U-Boot Concept Tree Proposal

Neil Armstrong neil.armstrong at linaro.org
Thu Jun 4 15:17:35 CEST 2026


Hi Simon,

On 6/3/26 07:06, Simon Glass wrote:
> Dear U-Boot Contributors,
> 
> I would like to introduce the U-Boot Concept tree along with a few thoughts
> on its role in U-Boot.
> 
> By way of background, I have been a contributor for about 15 years - around
> 10k commits and countless reviews. I have introduced many innovations into
> the project: e.g. sandbox, device tree, C test infrastructure, Binman,
> standard boot. Of course I could not have done any of this without the
> U-Boot community (nor would there be any point).
> 
> As the U-Boot project has matured, the demands for mainline stability and
> rigorous review have created a natural friction for landing complex,
> large-scale feature and refactoring series at the necessary pace. This
> structural reality, which has slowed the adoption of ambitious efforts like
> bootstd, VBE, xPL [1], and CI-connected hardware labs, is what the Concept
> tree is designed to alleviate.

The main issue to land complex large-scale feature and refactoring series is
mainly the lack of human highly qualified reviewers, proper shared project
infrastructure and funding for paid work. Not developers.

> 
> I strongly believe that projects must evolve in order to stay relevant in
> the long term. This includes code-refactoring, new features and subsystems,
> along with migration of old code to use them.  A look back at the U-Boot of
> 2010 shows how far the project has come. I don't think anyone would still
> be using U-Boot if it had not evolved.
> 
> I have set up a 'Concept' tree, a possible future for U-Boot, as a way to
> regain the old pace of innovation. This environment is a proving ground for
> new features where we maintain a lower bar for risk tolerance and
> completeness. We will accept partial and speculative features, provided the
> underlying code remains robust and of high quality, with the shared
> understanding that features may be dropped if they do not prove beneficial.
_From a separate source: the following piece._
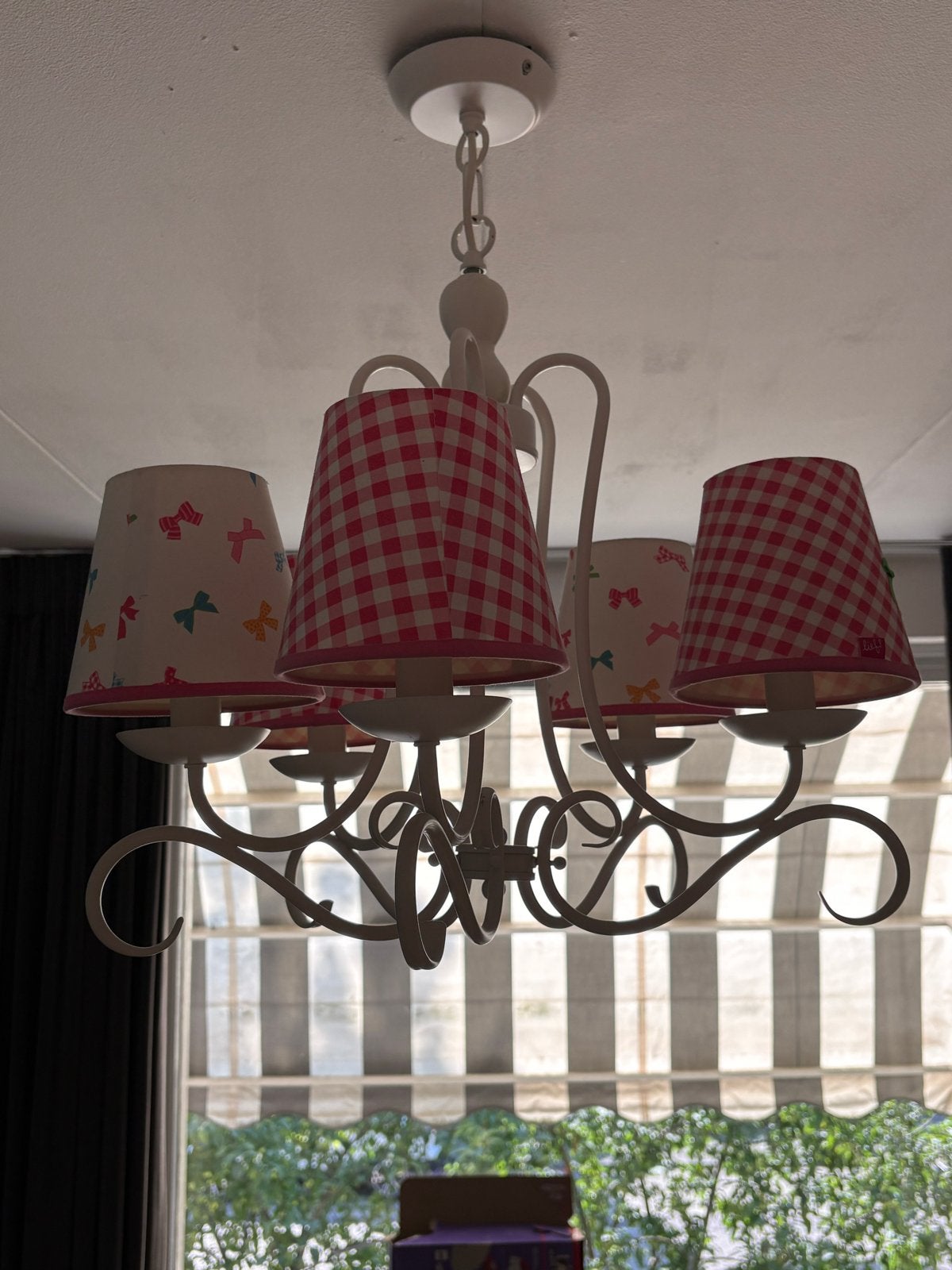 Lief! Kinderkroonluchter met 5 armen en stoffen kapjes, Huis en Inrichting, Lampen | Hanglampen, Ophalen of Verzenden, Gebruikt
I'm clearly against having a separate official "U-Boot" fork tree, this will
only lead to confusion to users and contributors if it shares the same
mailing-list and name.

> 
> Another difference is AI. I believe that AI is the next step on from
> compilers, which also took a long time to produce good code and find
> acceptance. The Concept tree welcomes (and encourages) high-quality AI
> contributions and reviews. It accepts PRs and allows reviews on PRs or the
> mailing list. It relies 99% on automated tests (sandbox, QEMU and labs) so
> sets a high bar for testing. It uses a separate Gitlab instance for now and
> of course uses a separate mailing list and Patchwork project to avoid
> cluttering the main list. Concept runs an AI-powered cherry-picker so that
> it keeps up with mainline. In no sense is it operated as a fork.

I'm clearly against using AI for any of development or review work as it
can't be fully trusted and will monopolize precious reviewers time reviewing
AI code instead of reviewing legitimate contributions from individual and companies.

Using AI for CI testing and regression testing could help if it doesn't add
a burden for maintainers by reporting false positives.

> 
> Once features are landed and functional in Concept I hope that many will
> find their way to mainline, although inevitably some rework will be needed.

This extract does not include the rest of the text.